(Exercise inputs begins)
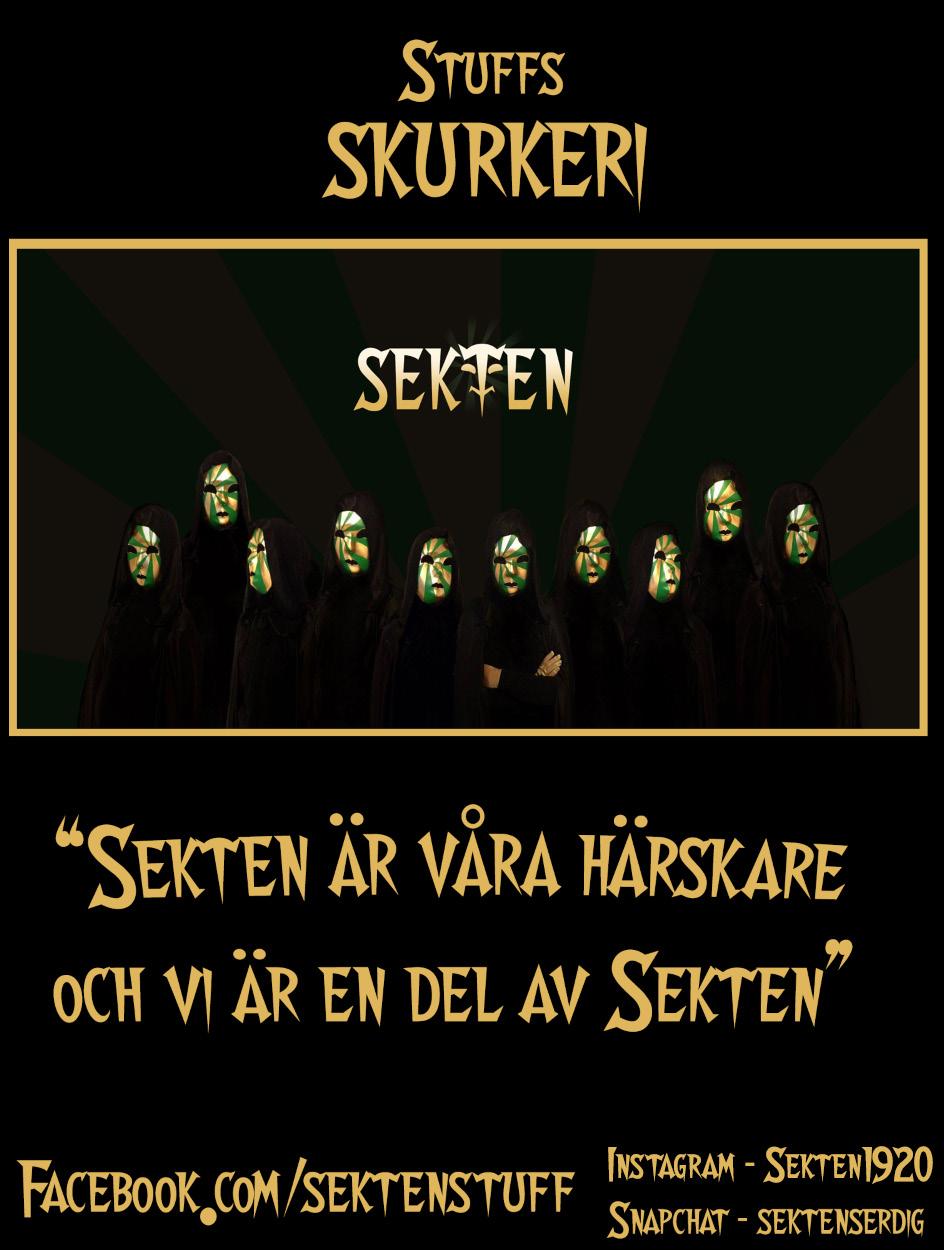 Bland annat så anordnar vi Lärarnas dag.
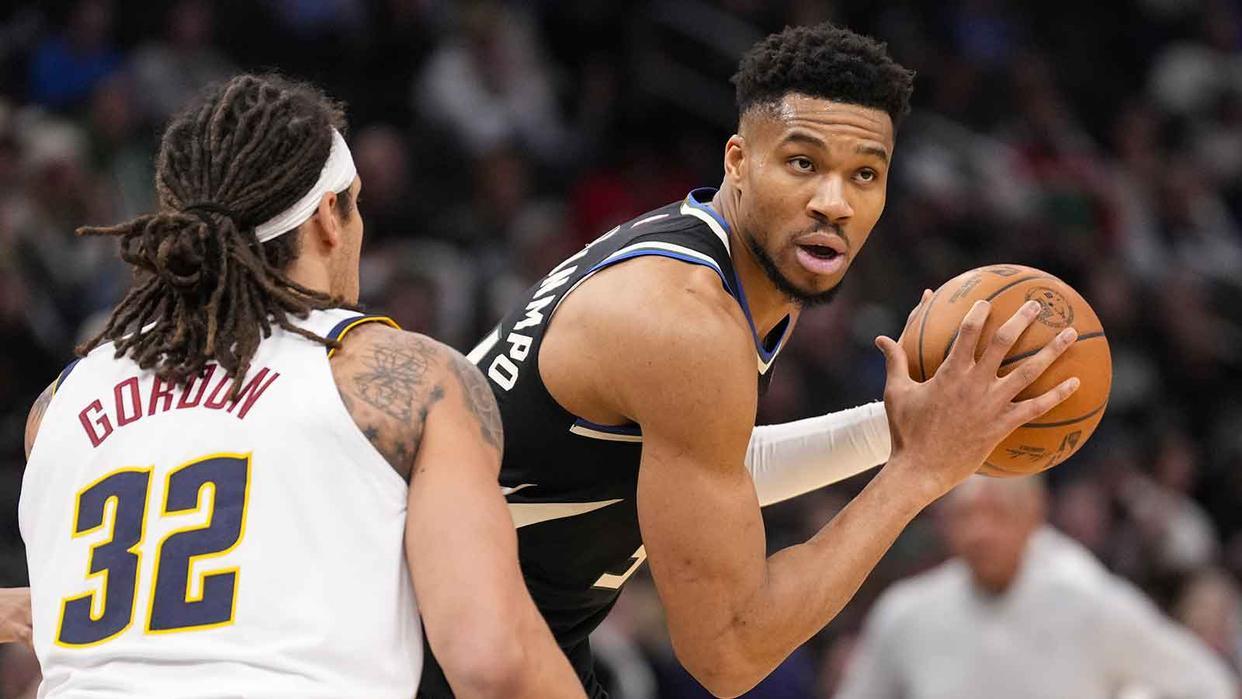 世界杯比赛直播地址-字母哥伤情更新:无复出时间表但不赛季报销,雄鹿雪上加霜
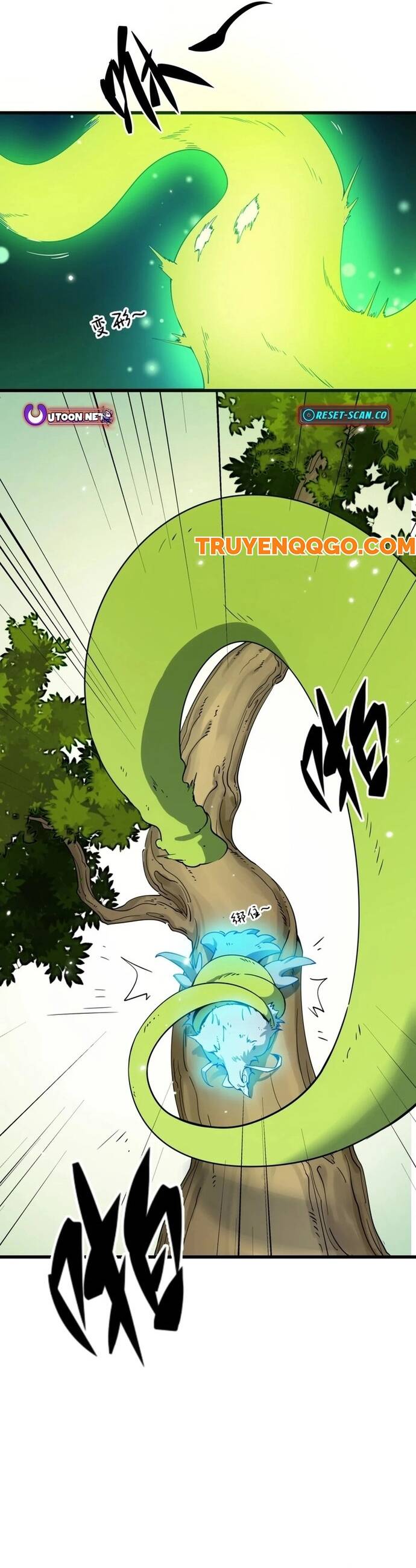 Pháp Sư Ký Sinh: Biên Niên Sử Thế Giới Ảo Chapter 2 - 17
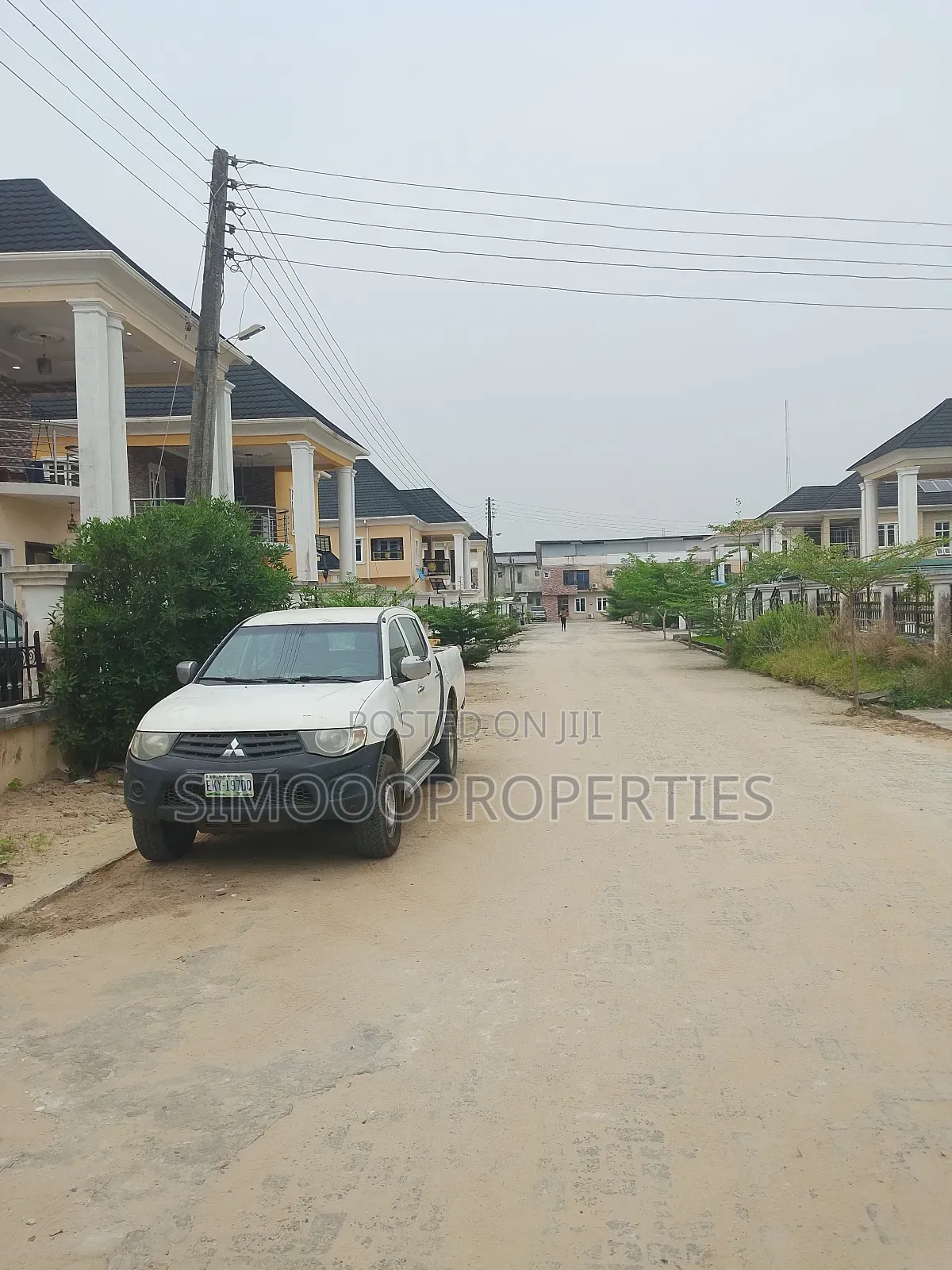 4bdrm Duplex in Rose Garden, Bogije for sale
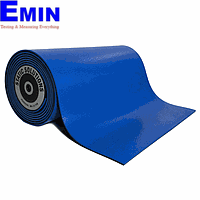 Static Solutions Ultimat 2 ແຜ່ນ ESD, ມ້ວນ 30" x 40' (Dark Blue)
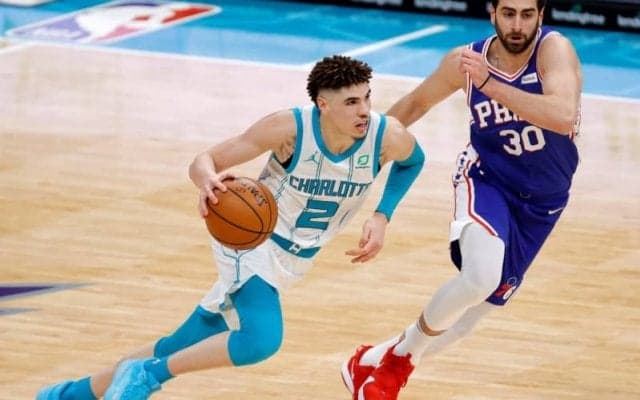 新人王候補のホーネッツのラメロ・ボールが右手首の骨折で今シーズン終了か？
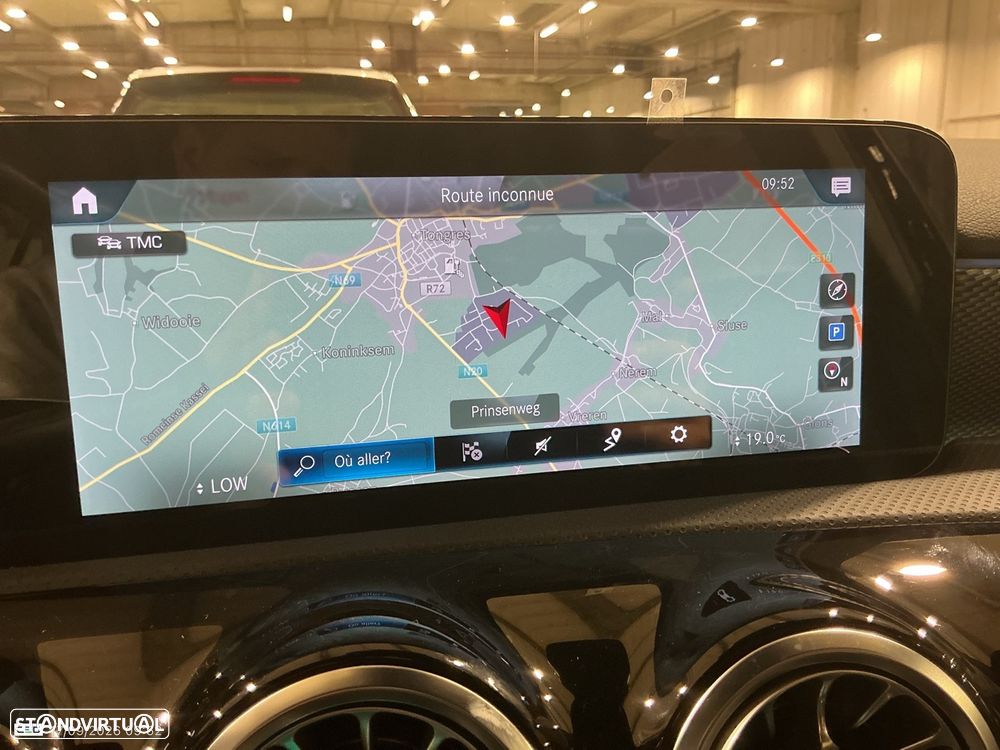 Mercedes-Benz A 250 e 8G-DCT Advanced Progressive - 9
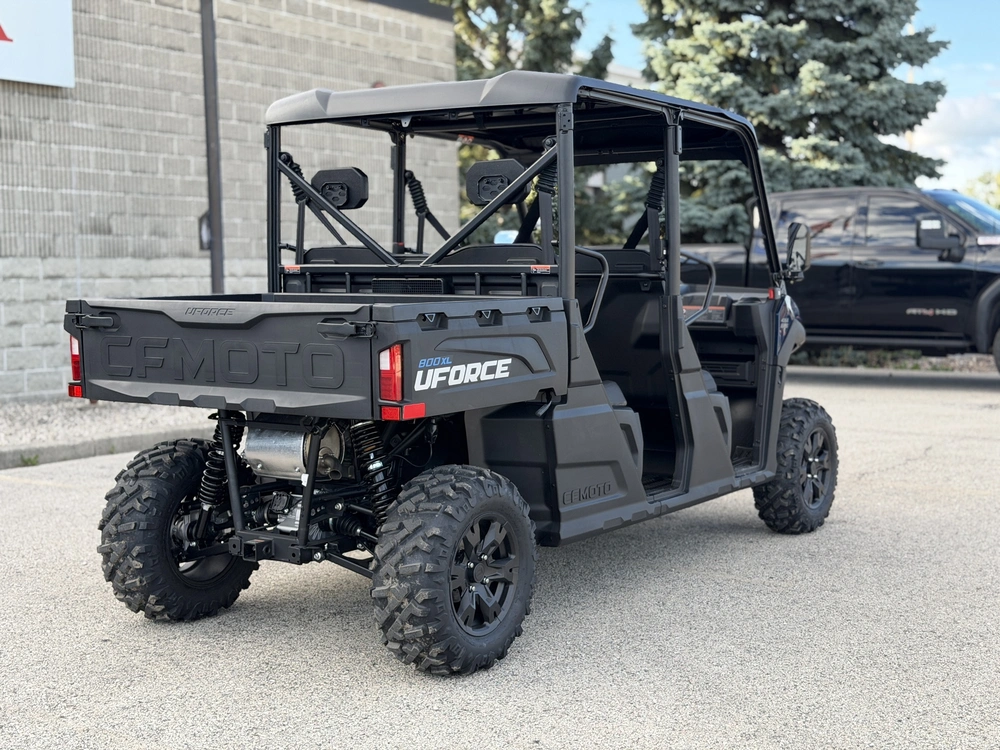2026 Cfmoto Uforce 800 Xl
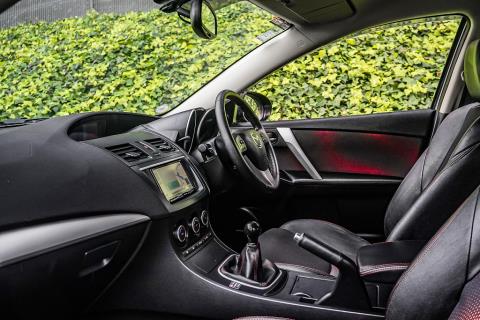 2013 Mazda Axela MPS Turbo - Thumbnail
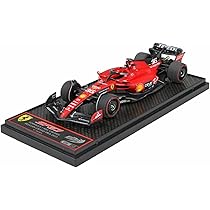 Amazon | BBR 1/43 フェラーリ SF-23 ベルギーGP 2023#16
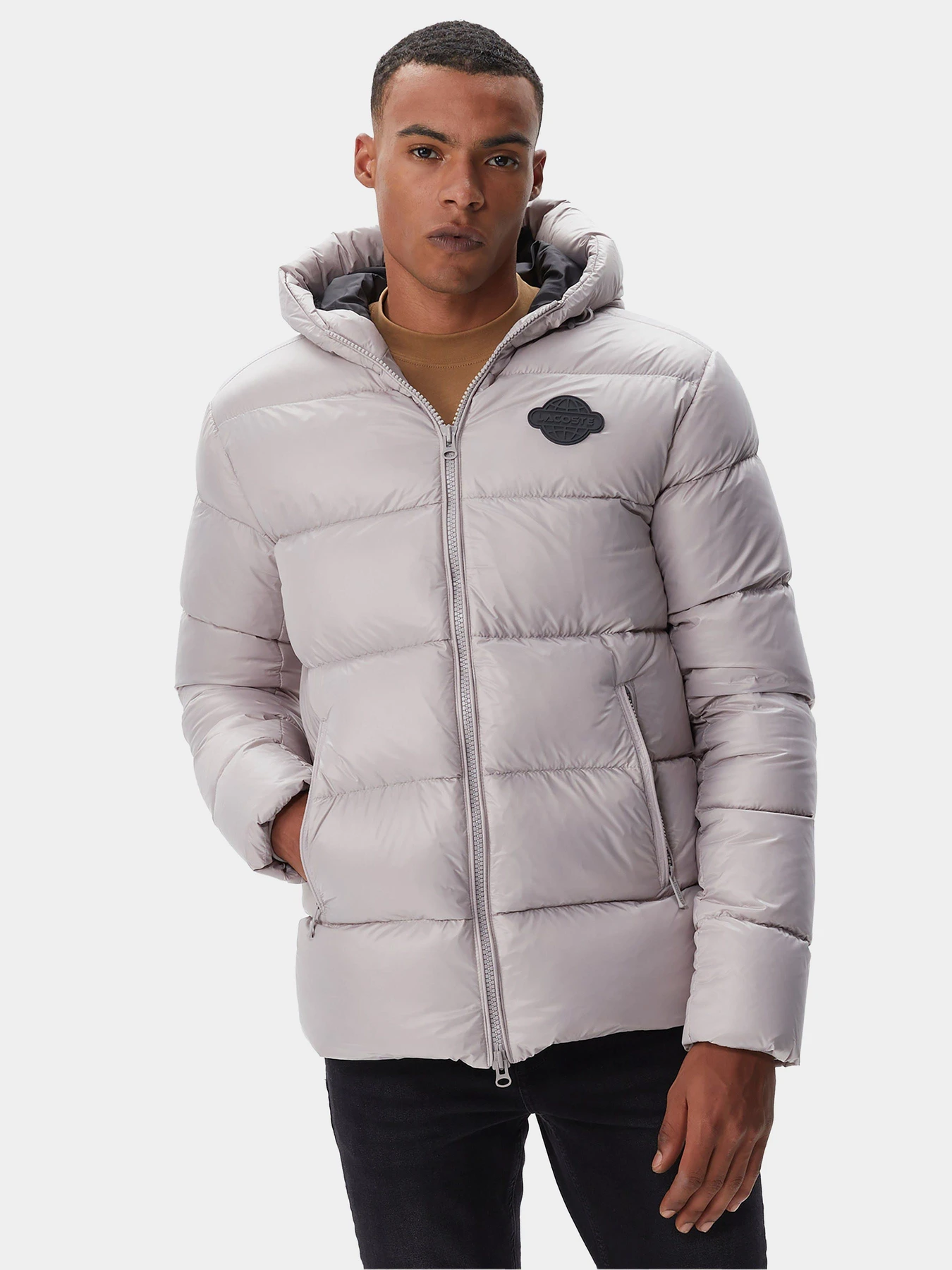 Куртки та дублянки Lacoste модель BH2417R17G Фото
(Exercise inputs ends)
● **Action item**:
Retype, exactly and only, the lines from the one containing "4bdrm Duplex in Rose Garden, Bogije for sale" through the end of the entries, both ends included, and omit all pictures.

● **Written response**:
 4bdrm Duplex in Rose Garden, Bogije for sale
 Static Solutions Ultimat 2 ແຜ່ນ ESD, ມ້ວນ 30" x 40' (Dark Blue)
 新人王候補のホーネッツのラメロ・ボールが右手首の骨折で今シーズン終了か？
 Mercedes-Benz A 250 e 8G-DCT Advanced Progressive - 9
2026 Cfmoto Uforce 800 Xl
 2013 Mazda Axela MPS Turbo - Thumbnail
 Amazon | BBR 1/43 フェラーリ SF-23 ベルギーGP 2023#16
 Куртки та дублянки Lacoste модель BH2417R17G Фото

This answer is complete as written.